I recently had an opportunity to visit a friend of mine to listen with him to a lecture on the provocative topic of whether or not the Bible is beneficial and therefore should be kept or  deleted. Having listened to the lecture and wishing to write about it, I find myself in a quandary. On the one hand I owe the speaker good language since she traveled a fair distance to present her talk and she delivered her presentation with an amiable demeanor. Still I will have little good to say about the lecture, so taking a cue from C. S. Lewis in The Abolition of Man, I propose to simply call the talk “The Lecture,” and I will call the speaker Docilla so that I can confine my comments to the content. So what was my reaction to the talk?

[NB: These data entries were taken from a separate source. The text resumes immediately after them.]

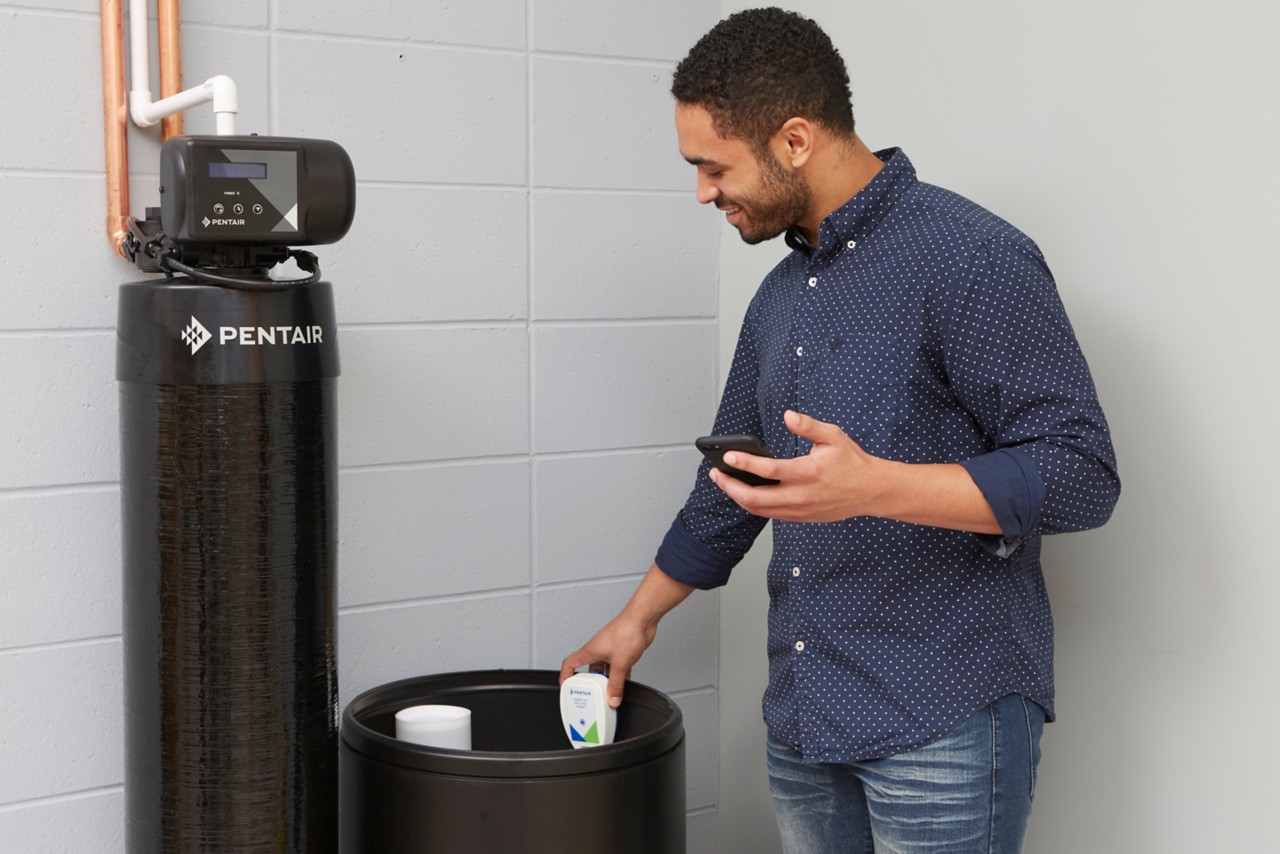 man setting up salt sensor on, clipping on brine tank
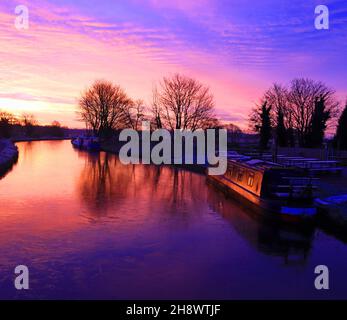 Le soleil brûlant rouge vient de se lever sur un canal bleu glacé et froid de Leeds et Liverpool lors d'un matin d'automne éclairant un bateau à Narrowboat avec une lueur orange Banque D'Images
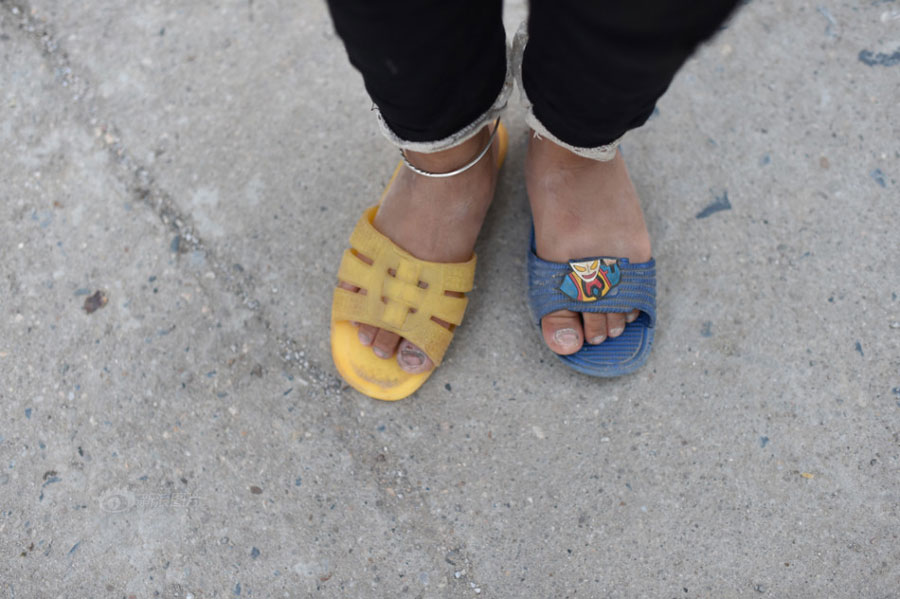 Huang Huiying&apos;s second granddaughter wears slippers of different size and color which Huang picked up in a garbage heap. [Photo/Sina] 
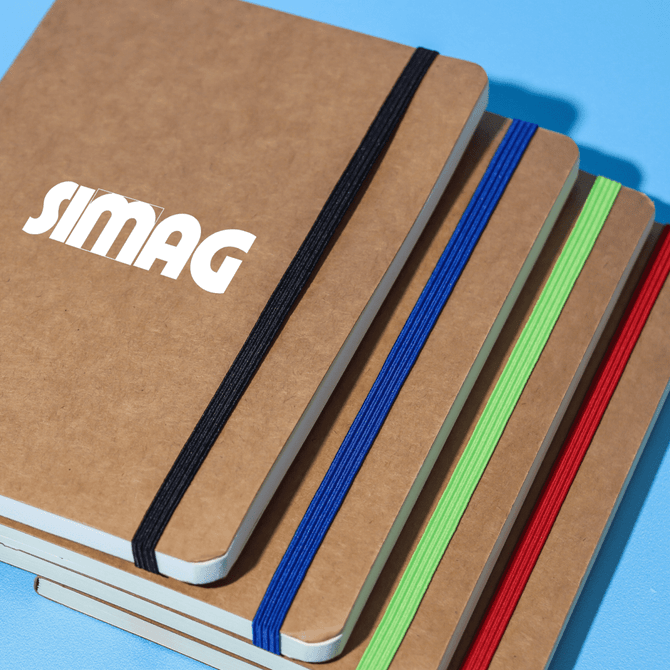A stack of brown notebooks with colourful elastic bands in blue, green, and red, featuring a logo on the front.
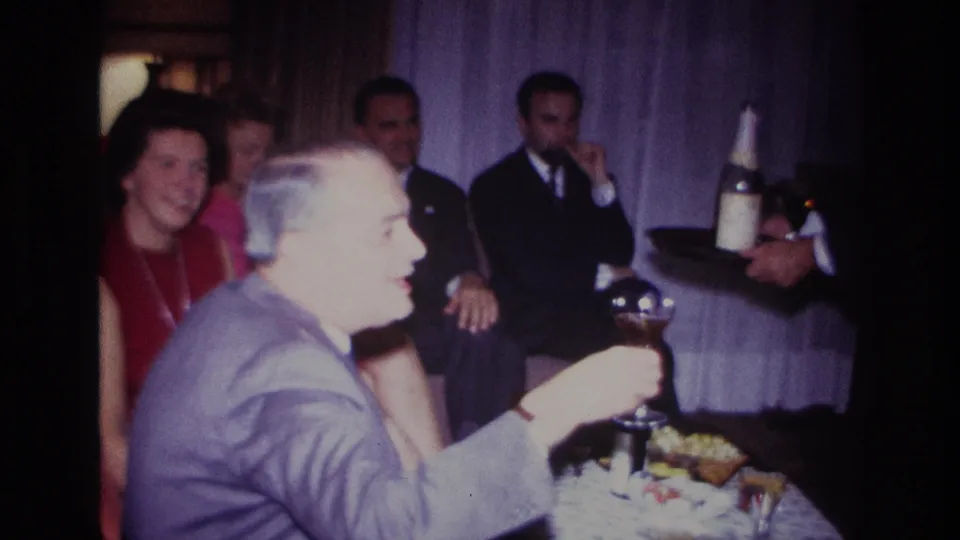 Home-movie frame from the 1967 Rockaway Beach party showing smiling adults at a table while a server offers drinks from a tray.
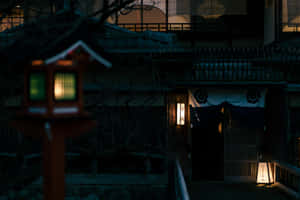 夜晚，一個發光的紅色燈籠矗立在傳統日本旅館前。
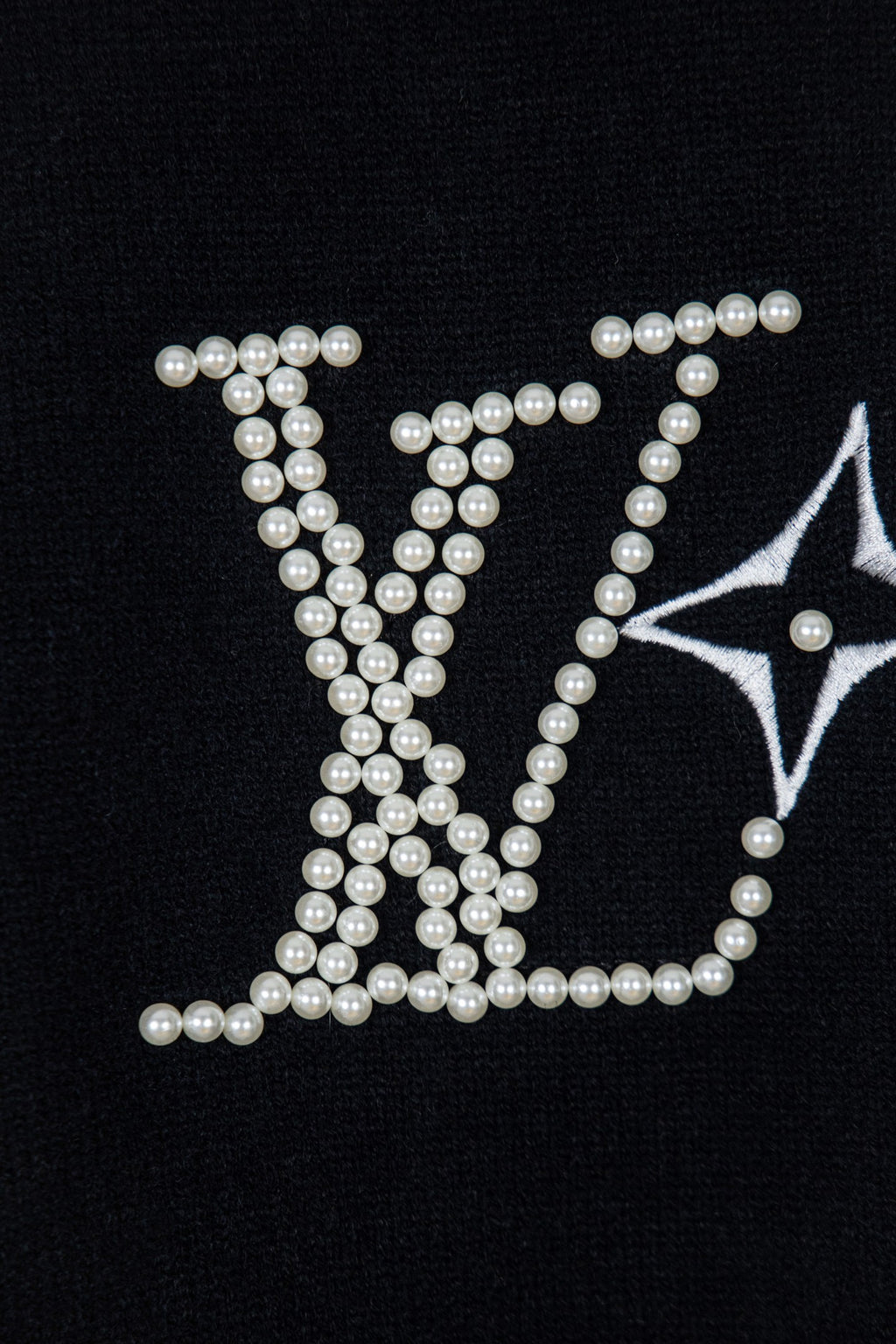Black knit sweater with large pearl-embellished lettering and star motif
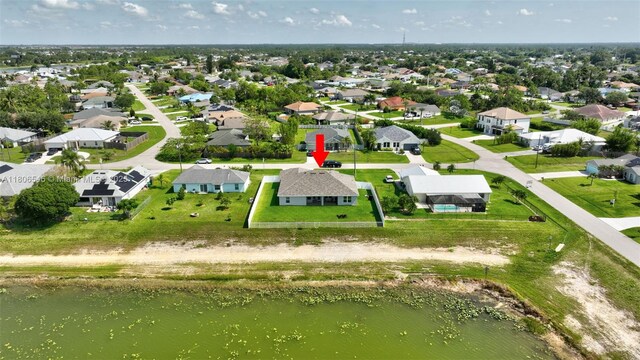 2316 SW Santana Ave, Port St Lucie, FL 34953 - aerial view of residential area featuring a large body of water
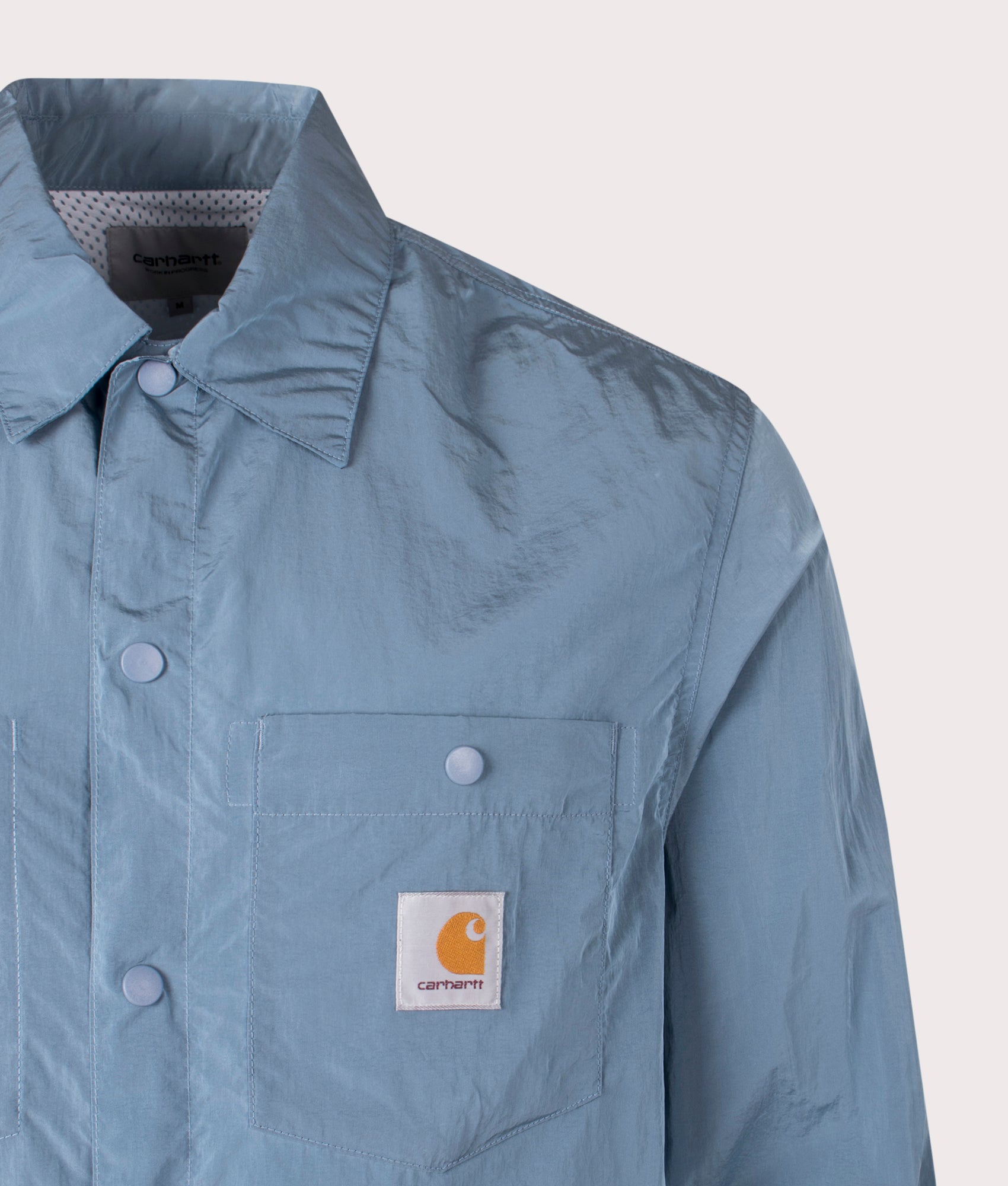 Carhartt WIP Canby Overshirt in Clay Blue/White at EQVVS. Close-up shot. 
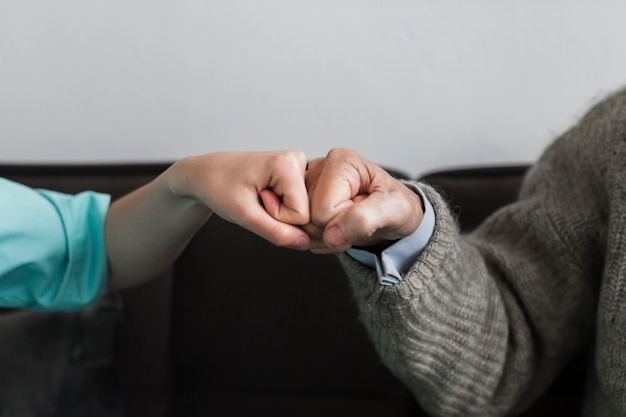 Nurse and older man fist bumping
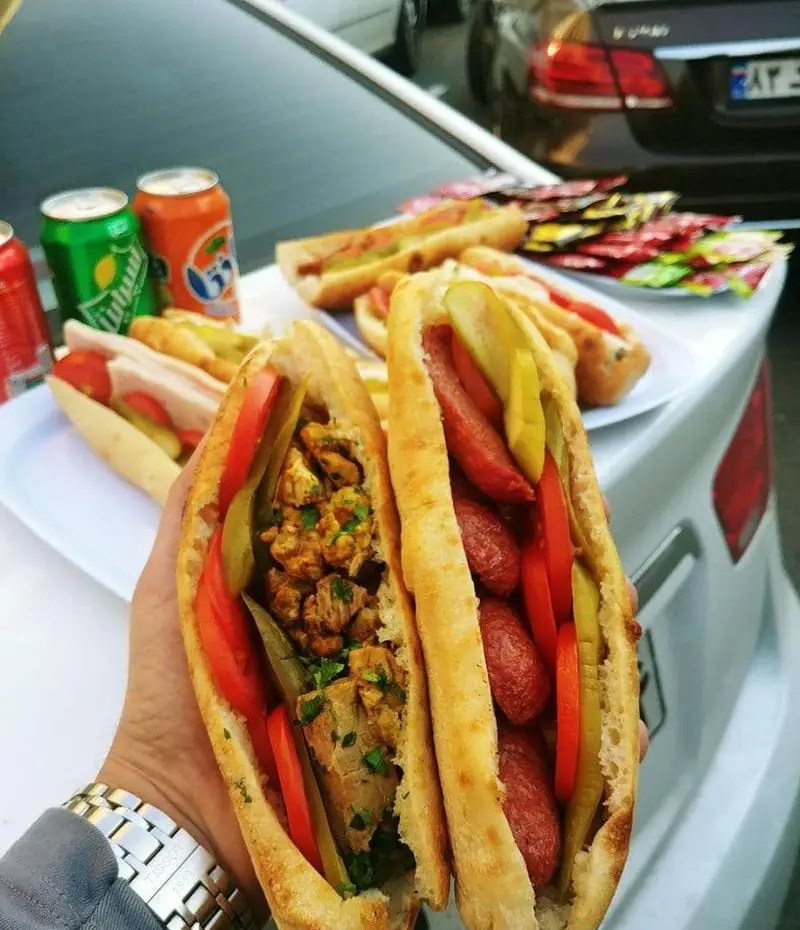 انواع ساندویچ‌های پرطرفدار اغذیه یگانه: هات داگ، سوسیس و مرغ، با مخلفات تازه و نوشیدنی‌های خنک. لذت یک وعده سریع و خوشمزه.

First let me deal with the provocative topic: should the Bible be kept or deleted? I suppose this statement may be provocative hyperbole for “is the Bible still relevant or is it irrelevant?” However I received no clear indication that the title was not meant literally so let me talk to the title from point of view that “delete” really means delete. There are many book ancient and modern which I do not think either edifying or helpful, but that does not mean I would like to see them deleted. Even a badly written book can serve as an example on how not to write. Books that I believe wrong-headed or advocate destructive behavior can still raise important questions. My love of books, my desire for freedom, and my personal commitment to try to find the truth about important questions make me hesitant to destroy any book. Given my perspective, it was a surprise to me that several in the audience (perhaps 3-4 out of 25) had voted for deletion of the Bible. It was a surprise because I had great difficulty reconciling their view that the Bible was such an extraordinarily dangerous book that it ought to be deleted with my own investigation of the contents.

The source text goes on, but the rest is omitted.